What you should do: Please copy the records exactly as they appear, with all pictures left out.
══════
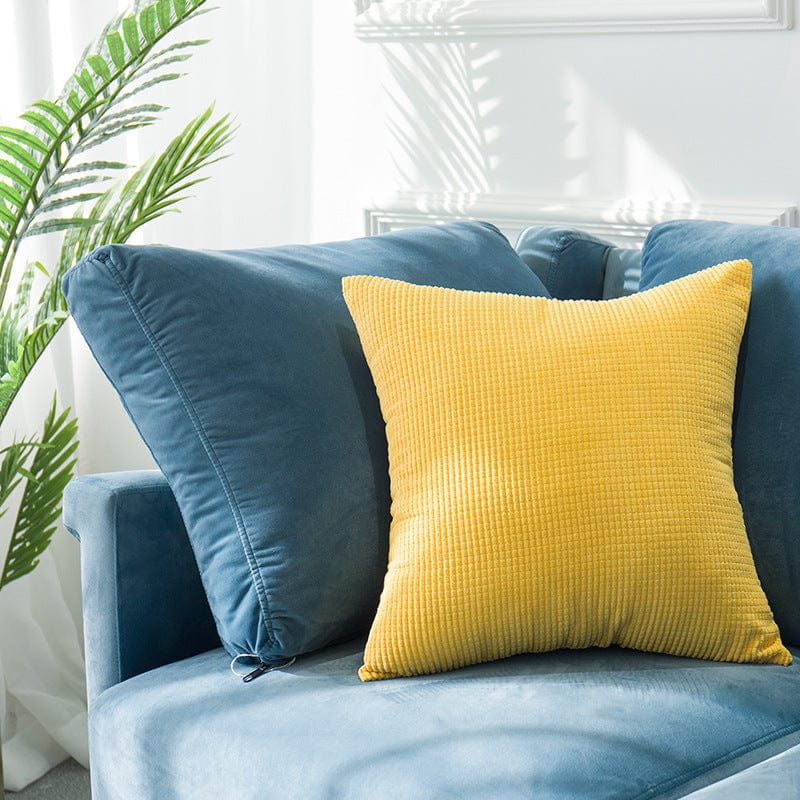 Premium Simple square velvet pillowcase - 0 from Empire of LaTz - Only £18.54! Explore at Empire of LaTz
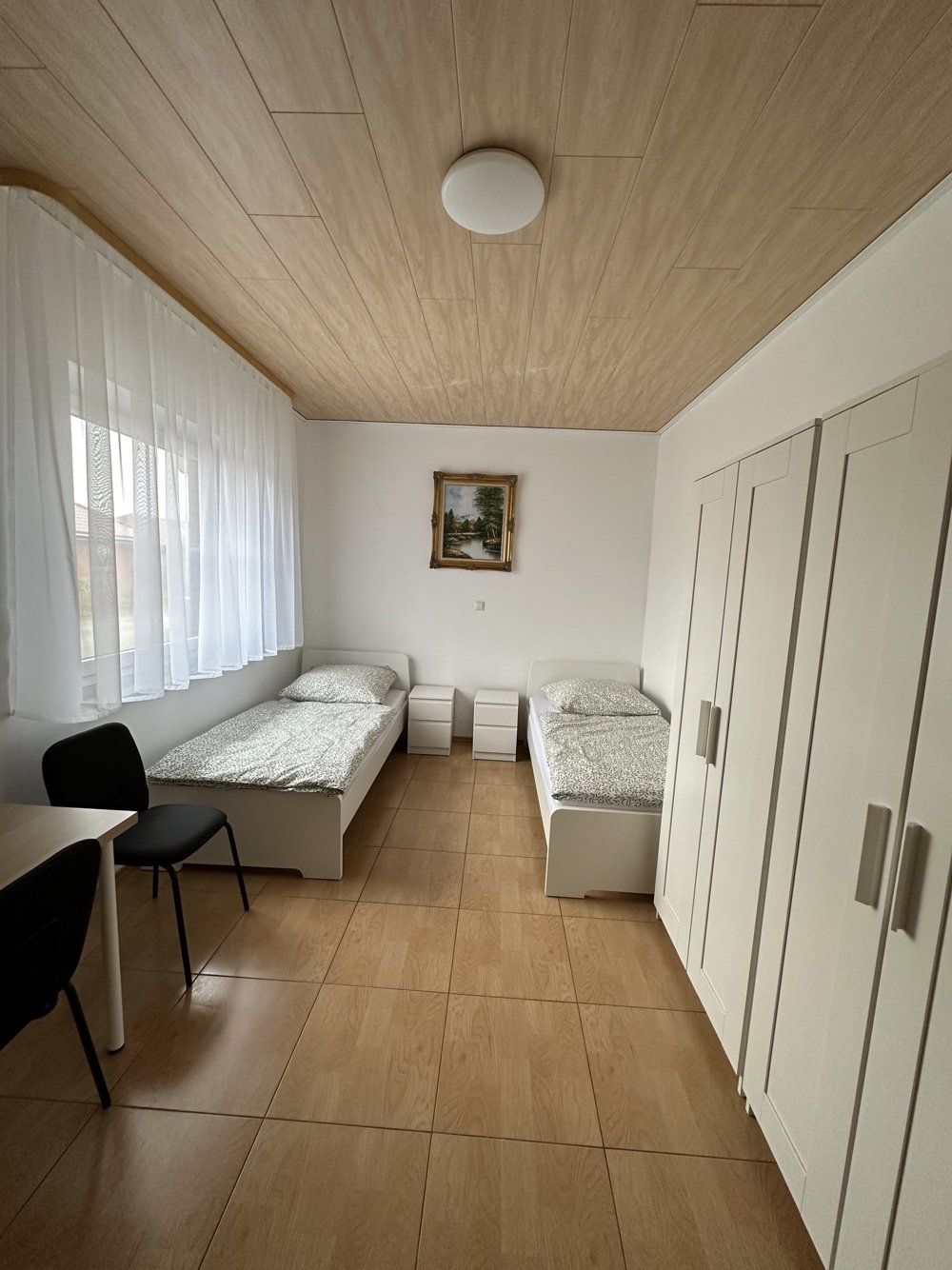 Komfortable 3-Zimmer Monteurwohnung in Wahrenholz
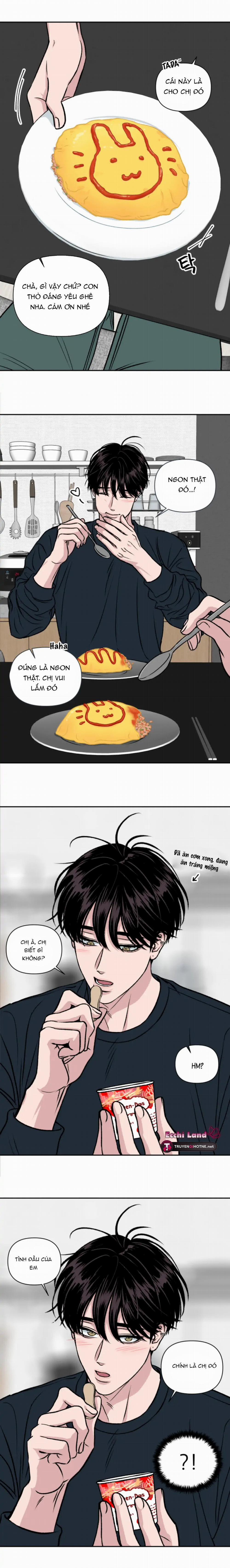 Hôm Nay Gặp Nhau Nhé [Jeongwan] 3.2 trang 1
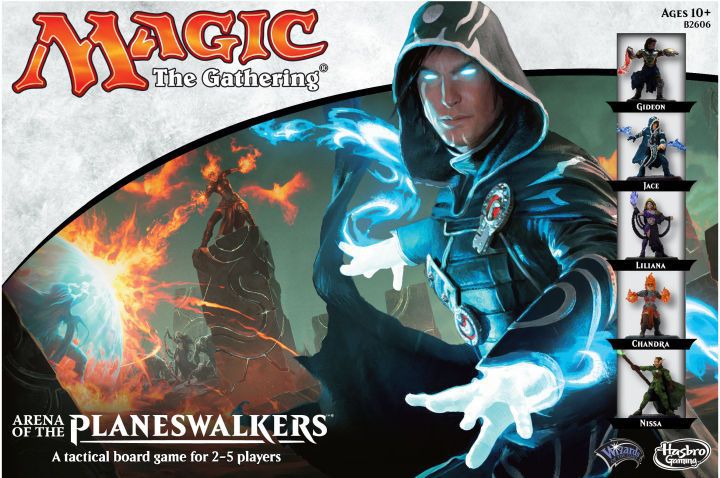 Magic: The Gathering – Arena of the Planeswalkers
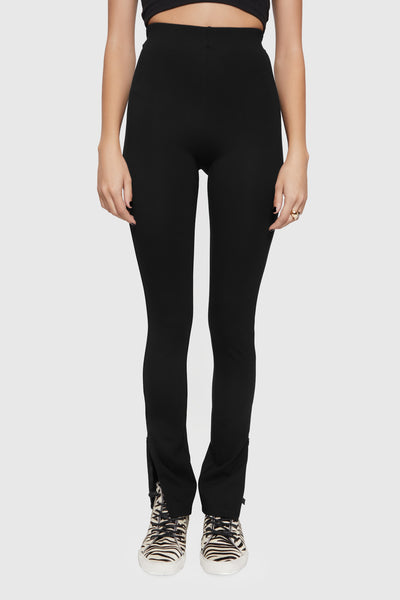 Rebecca Minkoff Jillian Leggings Dam Svarta | Sverige-386635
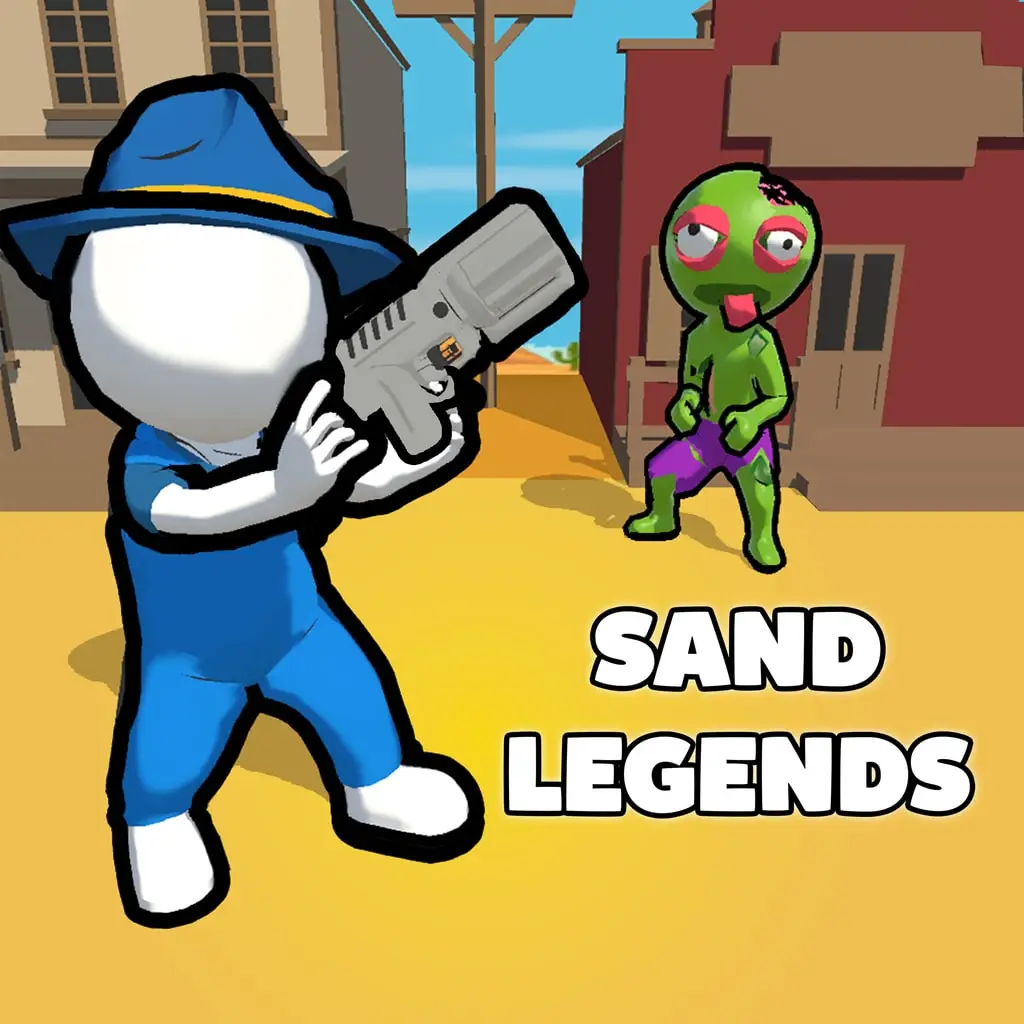 Sand Legends — PS4/PS5 ფასი საქართველოში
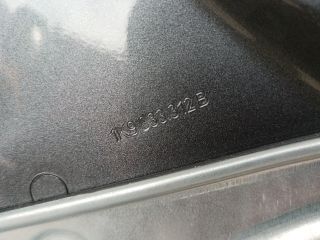 bontott VW GOLF V Jobb hátsó Ajtó (Részeivel)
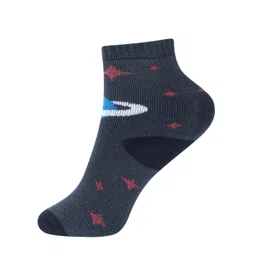 Dollar Socks Kids Pack Of 5 Assorted Patterned Cotton Above Ankle Length Socks image 5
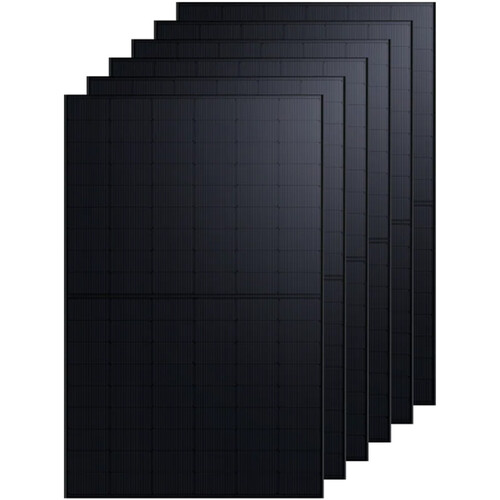 Anker Six 440W Rigid Solar Panels
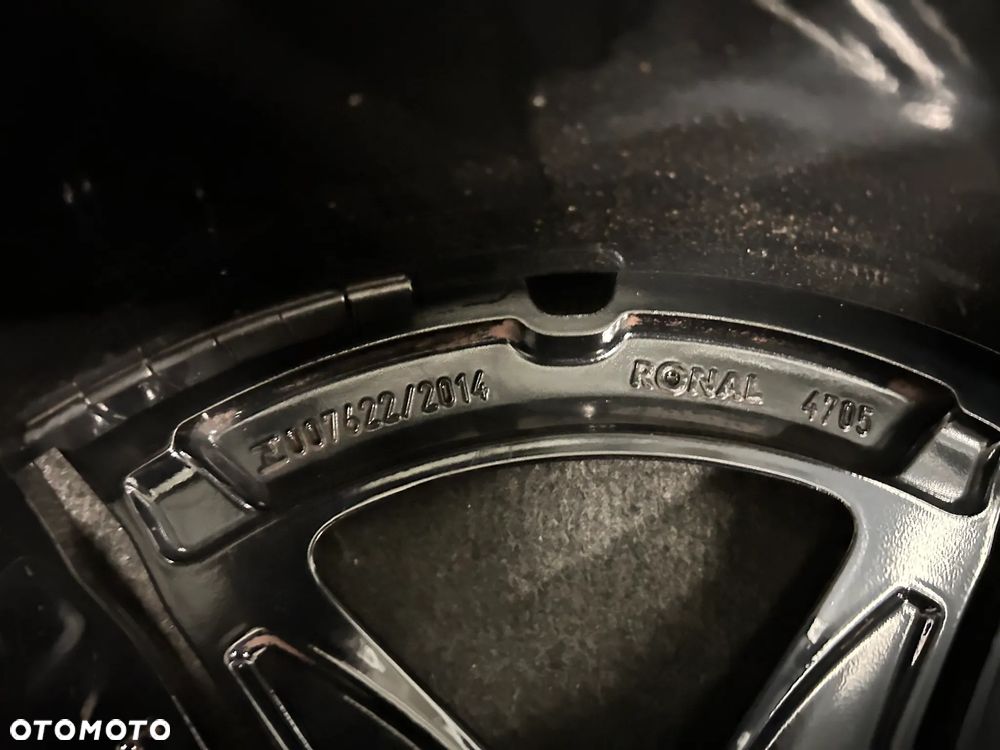 Alufelga Mercedes C-Klasa W206 AMG 18 cali 5x112 1szt. A2064016600 - 12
══════
Task response:
 Premium Simple square velvet pillowcase - 0 from Empire of LaTz - Only £18.54! Explore at Empire of LaTz
 Komfortable 3-Zimmer Monteurwohnung in Wahrenholz
 Hôm Nay Gặp Nhau Nhé [Jeongwan] 3.2 trang 1
 Magic: The Gathering – Arena of the Planeswalkers
 Rebecca Minkoff Jillian Leggings Dam Svarta | Sverige-386635
 Sand Legends — PS4/PS5 ფასი საქართველოში
 bontott VW GOLF V Jobb hátsó Ajtó (Részeivel)
 Dollar Socks Kids Pack Of 5 Assorted Patterned Cotton Above Ankle Length Socks image 5
 Anker Six 440W Rigid Solar Panels
 Alufelga Mercedes C-Klasa W206 AMG 18 cali 5x112 1szt. A2064016600 - 12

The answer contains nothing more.